Supreme Court of New Mexico.

June 22, 1993.

*591Miller, Stratvert, Torgerson & Schlenker, Joel T. Newton, Las Cruces, for plaintiff-appellant.

Lloyd O. Bates, Jr. Law Firm, Kyle W. Gesswein, Las Cruces, for defendants-appellees.


FROST, Justice.

This matter comes before us on appeal from an order granting summary judgment in favor of the defendants/appellees and against the plaintiff/appellant Dona Ana Savings & Loan Association (“DASL”). DASL held deficiency judgments against James Dofflemeyer, and it attempted to execute on the judgments by garnishing his funds in two annuities. In the district court, Dofflemeyer claimed that the annuity funds were exempt from attachment under NMSA 1978, Sections 42-10-2 and -3 (Cum.Supp.1992). The district court found that the funds were exempt and dismissed DASL’s writ of garnishment. DASL appeals, and we reverse and remand with instructions.


In the return of DASL’s initial writ of execution, Dofflemeyer attached a Claim of Exemptions form listing a certificate of deposit in the amount of $54,000.00. Before DASL could garnish this asset, however, Dofflemeyer liquidated it and used the proceeds to purchase one of his two annuities. In addition, he sold certain real estate to his sister and used the proceeds to purchase the other annuity. The record shows that Dofflemeyer purchased the annuities in contemplation of bankruptcy and in furtherance of his need for an immediate source of monthly income. He listed his sister, who was also his business partner, as beneficiary under both annuities.


While he expressed concern about whether Dofflemeyer’s claim of exemption on the annuities was legitimate, the trial judge found that the clear language and plain meaning of the statutes compelled him to allow the exemptions and to dismiss DASL’s writ of garnishment with regard to the two annuities. On appeal, DASL claims that the annuities are not exempt from garnishment under Sections 42-10-2 and -3. DASL argues that the district court erred by not going beyond the face of the statutes to construe their purpose. A strict or literal reading of the statute, according to DASL, defeats the intended object of the legislation and operates an injustice. DASL claims that going beyond a cursory review of the statute, it is apparent that the statutes do not allow a debtor to shield funds from creditors on the eve of execution.

Dofflemeyer, on the other hand, claims that he simply was providing himself with retirement funds as a self-employed person, which is proper under the statutes.

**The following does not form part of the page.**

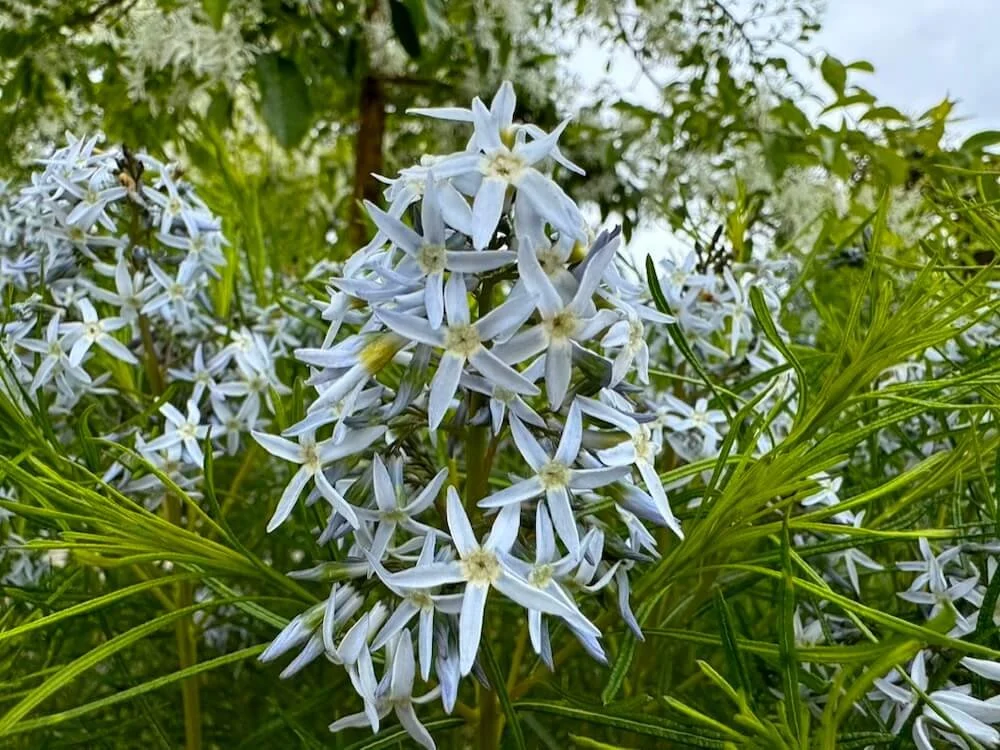 Amsonia hubrichtii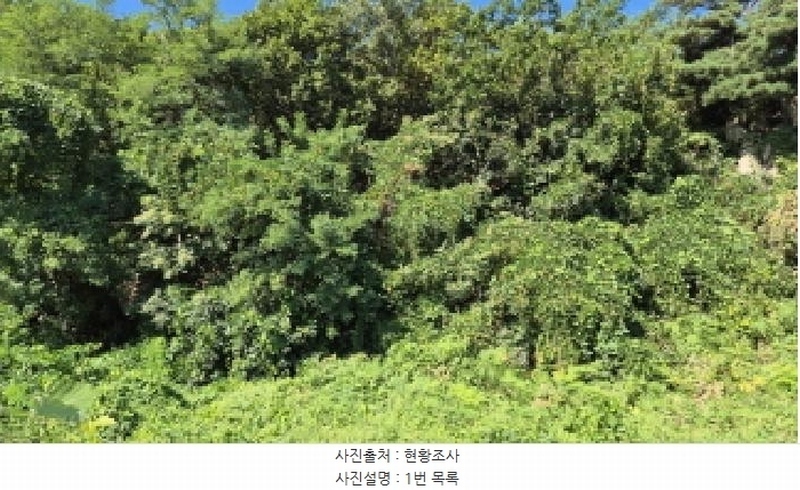 2025타경10354 강원특별자치도 고성군 토성면 운봉리 154-3 임야 경매 이미지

According to Dofflemeyer, the statutes clearly provide exemptions for annuities and retirement funds, and thus it is unnecessary to look beyond the plain meaning of the statute.

In addition to the annuities, DASL notes that it filed a writ of garnishment against monies owed to Dofflemeyer by a third party to which he also claimed exemption. While pointing this out, however, DASL does not allege any error in this claimed exemption, nor does it request any relief as to this claim by Dofflemeyer. In addition, the district court did not address this issue in its decision to allow the exemptions. Accordingly, we will consider only the issue of whether the annuity funds are exempt under Sections 42-10-2 and -3.


Section 42-10-2 states that:

any interest in or proceeds from a pension or retirement fund of every person supporting only himself is exempt from ... attachment, execution or foreclosure by a judgment creditor.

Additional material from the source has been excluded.